## Exercise details
Among the records that follow, find the line with "790 Warm Springs Ave, Martinsburg, WV 25404" and the line with "Foto c34822ac-cba3-4397-be45-bf9a5d9081ea. Casa". Set down those lines and all lines between them exactly, without adding anything.

[Items from a dataset]

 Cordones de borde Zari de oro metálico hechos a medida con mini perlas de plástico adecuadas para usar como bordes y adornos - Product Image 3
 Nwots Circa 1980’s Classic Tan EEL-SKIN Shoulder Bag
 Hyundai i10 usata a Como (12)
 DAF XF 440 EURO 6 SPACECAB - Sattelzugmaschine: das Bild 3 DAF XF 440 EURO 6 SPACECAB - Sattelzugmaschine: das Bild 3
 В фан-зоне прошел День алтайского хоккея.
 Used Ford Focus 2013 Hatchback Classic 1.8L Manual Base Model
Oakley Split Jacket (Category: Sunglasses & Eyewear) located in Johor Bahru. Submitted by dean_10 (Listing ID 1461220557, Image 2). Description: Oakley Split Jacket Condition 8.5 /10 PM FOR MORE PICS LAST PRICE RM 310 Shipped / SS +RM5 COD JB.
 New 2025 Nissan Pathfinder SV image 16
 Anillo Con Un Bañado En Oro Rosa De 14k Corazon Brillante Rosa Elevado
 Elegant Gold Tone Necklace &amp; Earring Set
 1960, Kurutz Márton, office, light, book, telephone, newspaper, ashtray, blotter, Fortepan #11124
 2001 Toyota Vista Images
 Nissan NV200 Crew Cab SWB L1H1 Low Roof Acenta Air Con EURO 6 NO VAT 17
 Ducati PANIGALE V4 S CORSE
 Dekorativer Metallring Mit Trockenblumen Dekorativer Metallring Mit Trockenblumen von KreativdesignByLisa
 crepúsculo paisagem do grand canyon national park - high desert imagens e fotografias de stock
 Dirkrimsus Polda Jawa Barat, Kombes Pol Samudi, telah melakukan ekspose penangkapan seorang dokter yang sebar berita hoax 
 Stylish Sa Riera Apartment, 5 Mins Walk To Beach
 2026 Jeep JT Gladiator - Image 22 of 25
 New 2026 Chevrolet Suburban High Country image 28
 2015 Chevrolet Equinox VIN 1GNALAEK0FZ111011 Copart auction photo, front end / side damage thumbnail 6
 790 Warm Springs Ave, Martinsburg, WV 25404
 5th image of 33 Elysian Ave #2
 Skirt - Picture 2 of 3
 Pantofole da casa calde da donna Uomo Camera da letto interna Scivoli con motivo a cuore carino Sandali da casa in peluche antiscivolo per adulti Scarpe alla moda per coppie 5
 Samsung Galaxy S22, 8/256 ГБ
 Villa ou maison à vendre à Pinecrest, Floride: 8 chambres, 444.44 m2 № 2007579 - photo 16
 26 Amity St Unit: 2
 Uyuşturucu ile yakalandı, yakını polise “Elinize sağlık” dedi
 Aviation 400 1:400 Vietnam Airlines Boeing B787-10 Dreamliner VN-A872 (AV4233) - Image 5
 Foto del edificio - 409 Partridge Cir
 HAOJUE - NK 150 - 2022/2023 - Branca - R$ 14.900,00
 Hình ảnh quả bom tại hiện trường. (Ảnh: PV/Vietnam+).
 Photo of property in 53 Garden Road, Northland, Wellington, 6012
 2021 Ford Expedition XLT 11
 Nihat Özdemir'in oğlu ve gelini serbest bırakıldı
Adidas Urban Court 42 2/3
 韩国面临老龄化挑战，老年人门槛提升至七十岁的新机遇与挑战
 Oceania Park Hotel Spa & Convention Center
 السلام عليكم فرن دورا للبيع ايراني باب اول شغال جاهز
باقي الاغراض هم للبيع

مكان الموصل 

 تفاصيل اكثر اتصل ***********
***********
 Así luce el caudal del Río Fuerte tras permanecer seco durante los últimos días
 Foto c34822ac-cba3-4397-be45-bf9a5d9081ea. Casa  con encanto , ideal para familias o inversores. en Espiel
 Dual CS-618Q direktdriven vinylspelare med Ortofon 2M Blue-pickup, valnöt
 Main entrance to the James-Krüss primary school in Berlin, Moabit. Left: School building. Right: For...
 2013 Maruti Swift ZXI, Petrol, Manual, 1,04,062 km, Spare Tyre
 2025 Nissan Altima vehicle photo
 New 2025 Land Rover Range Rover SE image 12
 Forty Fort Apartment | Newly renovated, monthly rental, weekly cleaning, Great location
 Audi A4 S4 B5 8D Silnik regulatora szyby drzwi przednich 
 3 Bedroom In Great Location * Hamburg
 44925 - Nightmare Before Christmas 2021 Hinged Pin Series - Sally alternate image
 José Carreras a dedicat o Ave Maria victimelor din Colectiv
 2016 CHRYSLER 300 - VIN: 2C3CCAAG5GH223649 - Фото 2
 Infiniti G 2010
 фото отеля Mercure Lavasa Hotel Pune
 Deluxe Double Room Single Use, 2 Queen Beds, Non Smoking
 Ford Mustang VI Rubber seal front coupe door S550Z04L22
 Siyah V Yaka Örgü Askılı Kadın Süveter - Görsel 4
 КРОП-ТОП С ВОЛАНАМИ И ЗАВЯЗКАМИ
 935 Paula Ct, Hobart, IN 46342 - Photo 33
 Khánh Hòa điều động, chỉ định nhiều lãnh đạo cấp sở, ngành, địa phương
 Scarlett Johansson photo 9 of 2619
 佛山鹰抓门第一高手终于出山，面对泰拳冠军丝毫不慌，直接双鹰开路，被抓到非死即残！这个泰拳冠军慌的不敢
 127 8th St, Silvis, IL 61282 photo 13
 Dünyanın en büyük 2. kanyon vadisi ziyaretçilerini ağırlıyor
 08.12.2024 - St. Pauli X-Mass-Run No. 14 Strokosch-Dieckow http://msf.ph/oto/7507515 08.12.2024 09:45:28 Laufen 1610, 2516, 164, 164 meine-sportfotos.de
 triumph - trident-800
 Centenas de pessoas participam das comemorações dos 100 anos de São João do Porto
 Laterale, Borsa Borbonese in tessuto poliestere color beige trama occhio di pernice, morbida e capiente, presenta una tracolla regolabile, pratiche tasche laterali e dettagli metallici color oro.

## Answer
 790 Warm Springs Ave, Martinsburg, WV 25404
 5th image of 33 Elysian Ave #2
 Skirt - Picture 2 of 3
 Pantofole da casa calde da donna Uomo Camera da letto interna Scivoli con motivo a cuore carino Sandali da casa in peluche antiscivolo per adulti Scarpe alla moda per coppie 5
 Samsung Galaxy S22, 8/256 ГБ
 Villa ou maison à vendre à Pinecrest, Floride: 8 chambres, 444.44 m2 № 2007579 - photo 16
 26 Amity St Unit: 2
 Uyuşturucu ile yakalandı, yakını polise “Elinize sağlık” dedi
 Aviation 400 1:400 Vietnam Airlines Boeing B787-10 Dreamliner VN-A872 (AV4233) - Image 5
 Foto del edificio - 409 Partridge Cir
 HAOJUE - NK 150 - 2022/2023 - Branca - R$ 14.900,00
 Hình ảnh quả bom tại hiện trường. (Ảnh: PV/Vietnam+).
 Photo of property in 53 Garden Road, Northland, Wellington, 6012
 2021 Ford Expedition XLT 11
 Nihat Özdemir'in oğlu ve gelini serbest bırakıldı
Adidas Urban Court 42 2/3
 韩国面临老龄化挑战，老年人门槛提升至七十岁的新机遇与挑战
 Oceania Park Hotel Spa & Convention Center
 السلام عليكم فرن دورا للبيع ايراني باب اول شغال جاهز
باقي الاغراض هم للبيع

مكان الموصل 

 تفاصيل اكثر اتصل ***********
***********
 Así luce el caudal del Río Fuerte tras permanecer seco durante los últimos días
 Foto c34822ac-cba3-4397-be45-bf9a5d9081ea. Casa  con encanto , ideal para familias o inversores. en Espiel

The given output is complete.